With this kind of forward momentum, it seems unlikely that anything could slow down the video gaming conglomerate. Unfortunately, unlikely does not mean impossible. Gamevice, a maker of controller accessories for smart devices, filed a lawsuit against Nintendo based on the design of the Switch and the Joy-Con controllers. Gamevice filed a patent for a “Combination Computing Device and Game Controller with Flexible Bridge Section,” also known as the Wikipad, back in 2012. Nintendo did not file their application for the design and technology behind the Switch until 2015, three years after Gamevice.
Gamevice is claiming that Nintendo is infringing on the Wikipad’s design of utilizing a “pair of control modules” attached to a “separate and distinct” computing device. The Wikipad consists of a tablet-like screen with touch pad capabilities that allows users to access features and play games. The tablet can be slid into a controller apparatus/attachment that transforms the tablet into a handheld gaming device with buttons and directional joysticks on both the left and right side of the screens. The Wikipad also provides upgradable storage through the use of micro SD cards. The gaming device is powered by Nvidia technology. All of the Wikipad features listed above are features also found in the Switch, including Nvidia technology. Due to the number of similarities that both the Wikipad and the Switch share, Nintendo may have to tread carefully while navigating the lawsuit.
On top of this, Gamevice/Wikipad’s patent was granted in 2015, providing the company with full-protected patent rights. Nintendo’s filings so far only provide patent-pending status.
In the patent infringement lawsuit, Gamevice is not only seeking damages, but Gamevice also wants Nintendo to stop all sales of the trending game console.

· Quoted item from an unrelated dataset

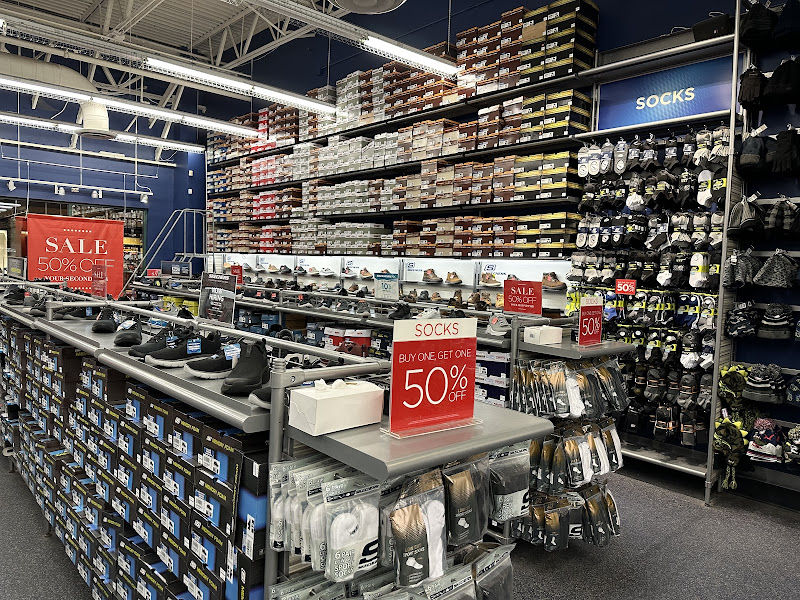 SKECHERS Factory Outlet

Gamevice has claimed that the Switch “has caused, and is continuing to cause, damage and irreparable injury to Gamevice.” If Gamevice were to win the suit, and halt all sales of Nintendo’s Switch, it would be a huge hit to the Japanese corporation’s shares and earnings. It will be up to the court to determine whether Nintendo’s Switch is in fact infringing on Gamevice’s Wikipad patent. What do you think? Does Gamevice have a foolproof argument against the Switch’s design? Can Nintendo be stopped at this point?